■ To do ■
Copy out exactly the stretch of the listing below that begins at the line containing "NGO Giving Items to Homeless People" and ends at the line containing "Detail of pale", and copy nothing outside it.

########

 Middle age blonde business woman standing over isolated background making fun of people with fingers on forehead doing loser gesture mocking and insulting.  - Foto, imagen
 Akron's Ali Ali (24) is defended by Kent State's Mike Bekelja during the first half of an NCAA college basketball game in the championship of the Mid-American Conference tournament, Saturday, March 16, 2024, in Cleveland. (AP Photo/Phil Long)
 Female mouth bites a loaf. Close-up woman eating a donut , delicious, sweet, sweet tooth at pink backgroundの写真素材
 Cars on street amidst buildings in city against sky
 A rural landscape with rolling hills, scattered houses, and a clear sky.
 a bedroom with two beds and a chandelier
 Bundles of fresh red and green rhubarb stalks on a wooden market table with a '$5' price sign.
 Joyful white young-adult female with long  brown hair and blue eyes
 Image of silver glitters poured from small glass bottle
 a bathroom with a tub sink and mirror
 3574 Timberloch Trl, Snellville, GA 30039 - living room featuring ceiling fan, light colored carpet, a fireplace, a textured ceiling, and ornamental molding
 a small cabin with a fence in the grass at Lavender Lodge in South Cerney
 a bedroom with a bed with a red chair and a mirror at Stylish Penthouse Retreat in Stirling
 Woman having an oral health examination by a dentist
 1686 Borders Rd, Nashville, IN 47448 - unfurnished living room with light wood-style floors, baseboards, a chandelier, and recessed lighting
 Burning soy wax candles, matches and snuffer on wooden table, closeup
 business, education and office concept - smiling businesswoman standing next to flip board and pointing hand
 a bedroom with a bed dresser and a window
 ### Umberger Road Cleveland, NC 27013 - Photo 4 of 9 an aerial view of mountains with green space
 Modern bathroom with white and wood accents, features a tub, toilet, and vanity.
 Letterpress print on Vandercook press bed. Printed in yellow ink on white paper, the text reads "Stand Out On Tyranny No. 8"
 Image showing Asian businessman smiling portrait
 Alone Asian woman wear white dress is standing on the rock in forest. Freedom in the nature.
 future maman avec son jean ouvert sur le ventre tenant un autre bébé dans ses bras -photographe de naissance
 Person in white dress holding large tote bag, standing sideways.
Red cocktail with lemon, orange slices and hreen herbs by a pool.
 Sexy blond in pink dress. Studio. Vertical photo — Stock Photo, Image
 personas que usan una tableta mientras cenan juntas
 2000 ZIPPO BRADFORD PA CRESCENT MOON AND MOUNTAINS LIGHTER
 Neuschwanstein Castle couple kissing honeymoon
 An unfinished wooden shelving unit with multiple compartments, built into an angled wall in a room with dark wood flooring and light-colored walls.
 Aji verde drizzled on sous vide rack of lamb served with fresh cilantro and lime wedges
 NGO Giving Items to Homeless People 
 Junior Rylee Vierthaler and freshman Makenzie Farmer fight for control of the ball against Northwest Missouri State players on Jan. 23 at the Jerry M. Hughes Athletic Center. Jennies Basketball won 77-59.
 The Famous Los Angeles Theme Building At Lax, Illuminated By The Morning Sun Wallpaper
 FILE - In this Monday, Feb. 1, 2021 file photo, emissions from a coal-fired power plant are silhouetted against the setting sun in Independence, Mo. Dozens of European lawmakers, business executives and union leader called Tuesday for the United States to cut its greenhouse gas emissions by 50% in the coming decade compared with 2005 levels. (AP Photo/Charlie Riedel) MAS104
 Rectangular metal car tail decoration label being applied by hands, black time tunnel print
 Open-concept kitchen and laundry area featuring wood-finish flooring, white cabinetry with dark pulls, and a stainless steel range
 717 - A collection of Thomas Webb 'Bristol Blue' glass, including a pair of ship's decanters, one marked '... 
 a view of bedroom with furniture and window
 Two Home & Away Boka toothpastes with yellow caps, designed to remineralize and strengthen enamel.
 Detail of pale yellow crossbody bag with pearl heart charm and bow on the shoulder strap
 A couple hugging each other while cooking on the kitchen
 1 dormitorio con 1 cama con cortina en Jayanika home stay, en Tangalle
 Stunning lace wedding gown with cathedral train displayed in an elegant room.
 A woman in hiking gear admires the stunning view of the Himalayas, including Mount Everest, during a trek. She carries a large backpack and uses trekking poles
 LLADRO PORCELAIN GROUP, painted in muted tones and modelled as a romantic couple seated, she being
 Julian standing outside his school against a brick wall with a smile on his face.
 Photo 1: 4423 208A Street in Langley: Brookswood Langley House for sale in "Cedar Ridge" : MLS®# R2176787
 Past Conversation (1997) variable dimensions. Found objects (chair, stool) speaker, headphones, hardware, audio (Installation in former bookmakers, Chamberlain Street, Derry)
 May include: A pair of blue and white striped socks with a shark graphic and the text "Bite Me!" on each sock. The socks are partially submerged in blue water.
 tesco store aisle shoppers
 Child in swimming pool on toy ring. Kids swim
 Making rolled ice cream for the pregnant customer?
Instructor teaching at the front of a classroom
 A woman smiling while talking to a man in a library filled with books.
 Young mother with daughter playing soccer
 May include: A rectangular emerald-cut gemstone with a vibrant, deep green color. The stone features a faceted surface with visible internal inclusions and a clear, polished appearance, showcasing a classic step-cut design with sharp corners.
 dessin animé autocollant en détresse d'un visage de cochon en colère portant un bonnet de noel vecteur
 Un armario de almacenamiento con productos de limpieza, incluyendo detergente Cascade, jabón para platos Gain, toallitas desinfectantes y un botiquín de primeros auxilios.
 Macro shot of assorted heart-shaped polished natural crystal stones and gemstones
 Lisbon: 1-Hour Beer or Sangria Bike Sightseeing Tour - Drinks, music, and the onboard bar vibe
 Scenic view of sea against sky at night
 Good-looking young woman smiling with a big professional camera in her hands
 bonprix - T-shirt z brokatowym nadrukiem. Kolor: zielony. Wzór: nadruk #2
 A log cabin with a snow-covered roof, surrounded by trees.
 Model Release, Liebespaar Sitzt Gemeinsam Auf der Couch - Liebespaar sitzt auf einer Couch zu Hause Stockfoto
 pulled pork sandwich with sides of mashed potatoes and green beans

########

■ Exercise solution ■
 NGO Giving Items to Homeless People 
 Junior Rylee Vierthaler and freshman Makenzie Farmer fight for control of the ball against Northwest Missouri State players on Jan. 23 at the Jerry M. Hughes Athletic Center. Jennies Basketball won 77-59.
 The Famous Los Angeles Theme Building At Lax, Illuminated By The Morning Sun Wallpaper
 FILE - In this Monday, Feb. 1, 2021 file photo, emissions from a coal-fired power plant are silhouetted against the setting sun in Independence, Mo. Dozens of European lawmakers, business executives and union leader called Tuesday for the United States to cut its greenhouse gas emissions by 50% in the coming decade compared with 2005 levels. (AP Photo/Charlie Riedel) MAS104
 Rectangular metal car tail decoration label being applied by hands, black time tunnel print
 Open-concept kitchen and laundry area featuring wood-finish flooring, white cabinetry with dark pulls, and a stainless steel range
 717 - A collection of Thomas Webb 'Bristol Blue' glass, including a pair of ship's decanters, one marked '... 
 a view of bedroom with furniture and window
 Two Home & Away Boka toothpastes with yellow caps, designed to remineralize and strengthen enamel.
 Detail of pale yellow crossbody bag with pearl heart charm and bow on the shoulder strap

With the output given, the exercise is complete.